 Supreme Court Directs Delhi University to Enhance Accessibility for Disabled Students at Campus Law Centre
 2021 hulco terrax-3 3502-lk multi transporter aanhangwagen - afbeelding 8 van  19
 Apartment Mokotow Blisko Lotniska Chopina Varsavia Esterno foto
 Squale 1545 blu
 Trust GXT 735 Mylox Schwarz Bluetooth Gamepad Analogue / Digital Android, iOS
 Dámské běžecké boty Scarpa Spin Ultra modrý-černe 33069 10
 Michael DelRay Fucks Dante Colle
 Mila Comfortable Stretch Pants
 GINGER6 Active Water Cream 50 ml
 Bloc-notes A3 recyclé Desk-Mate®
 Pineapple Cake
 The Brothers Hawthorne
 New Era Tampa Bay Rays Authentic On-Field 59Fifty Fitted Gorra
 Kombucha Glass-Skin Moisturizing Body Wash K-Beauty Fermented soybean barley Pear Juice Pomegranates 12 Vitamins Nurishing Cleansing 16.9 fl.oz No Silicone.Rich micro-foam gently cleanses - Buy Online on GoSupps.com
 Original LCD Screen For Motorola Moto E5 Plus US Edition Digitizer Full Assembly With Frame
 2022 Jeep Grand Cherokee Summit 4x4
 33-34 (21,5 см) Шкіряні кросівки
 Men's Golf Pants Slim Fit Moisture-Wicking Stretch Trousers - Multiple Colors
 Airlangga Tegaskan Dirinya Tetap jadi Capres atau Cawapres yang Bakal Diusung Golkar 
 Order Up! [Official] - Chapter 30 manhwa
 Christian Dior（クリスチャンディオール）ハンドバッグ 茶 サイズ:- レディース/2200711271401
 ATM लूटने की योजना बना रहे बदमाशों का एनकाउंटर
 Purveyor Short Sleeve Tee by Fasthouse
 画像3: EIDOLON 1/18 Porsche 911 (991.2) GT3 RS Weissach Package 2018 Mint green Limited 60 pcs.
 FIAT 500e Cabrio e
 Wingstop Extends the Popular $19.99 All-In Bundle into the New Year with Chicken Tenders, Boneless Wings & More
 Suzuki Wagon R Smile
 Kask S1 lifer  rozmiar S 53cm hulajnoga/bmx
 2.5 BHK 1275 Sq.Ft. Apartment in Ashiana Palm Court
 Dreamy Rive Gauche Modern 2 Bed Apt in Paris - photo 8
--- --- ---
--- Required action ---
Could every entry above be printed again, word for word?

--- Reply to the exercise ---
 Supreme Court Directs Delhi University to Enhance Accessibility for Disabled Students at Campus Law Centre
 2021 hulco terrax-3 3502-lk multi transporter aanhangwagen - afbeelding 8 van  19
 Apartment Mokotow Blisko Lotniska Chopina Varsavia Esterno foto
 Squale 1545 blu
 Trust GXT 735 Mylox Schwarz Bluetooth Gamepad Analogue / Digital Android, iOS
 Dámské běžecké boty Scarpa Spin Ultra modrý-černe 33069 10
 Michael DelRay Fucks Dante Colle
 Mila Comfortable Stretch Pants
 GINGER6 Active Water Cream 50 ml
 Bloc-notes A3 recyclé Desk-Mate®
 Pineapple Cake
 The Brothers Hawthorne
 New Era Tampa Bay Rays Authentic On-Field 59Fifty Fitted Gorra
 Kombucha Glass-Skin Moisturizing Body Wash K-Beauty Fermented soybean barley Pear Juice Pomegranates 12 Vitamins Nurishing Cleansing 16.9 fl.oz No Silicone.Rich micro-foam gently cleanses - Buy Online on GoSupps.com
 Original LCD Screen For Motorola Moto E5 Plus US Edition Digitizer Full Assembly With Frame
 2022 Jeep Grand Cherokee Summit 4x4
 33-34 (21,5 см) Шкіряні кросівки
 Men's Golf Pants Slim Fit Moisture-Wicking Stretch Trousers - Multiple Colors
 Airlangga Tegaskan Dirinya Tetap jadi Capres atau Cawapres yang Bakal Diusung Golkar 
 Order Up! [Official] - Chapter 30 manhwa
 Christian Dior（クリスチャンディオール）ハンドバッグ 茶 サイズ:- レディース/2200711271401
 ATM लूटने की योजना बना रहे बदमाशों का एनकाउंटर
 Purveyor Short Sleeve Tee by Fasthouse
 画像3: EIDOLON 1/18 Porsche 911 (991.2) GT3 RS Weissach Package 2018 Mint green Limited 60 pcs.
 FIAT 500e Cabrio e
 Wingstop Extends the Popular $19.99 All-In Bundle into the New Year with Chicken Tenders, Boneless Wings & More
 Suzuki Wagon R Smile
 Kask S1 lifer  rozmiar S 53cm hulajnoga/bmx
 2.5 BHK 1275 Sq.Ft. Apartment in Ashiana Palm Court
 Dreamy Rive Gauche Modern 2 Bed Apt in Paris - photo 8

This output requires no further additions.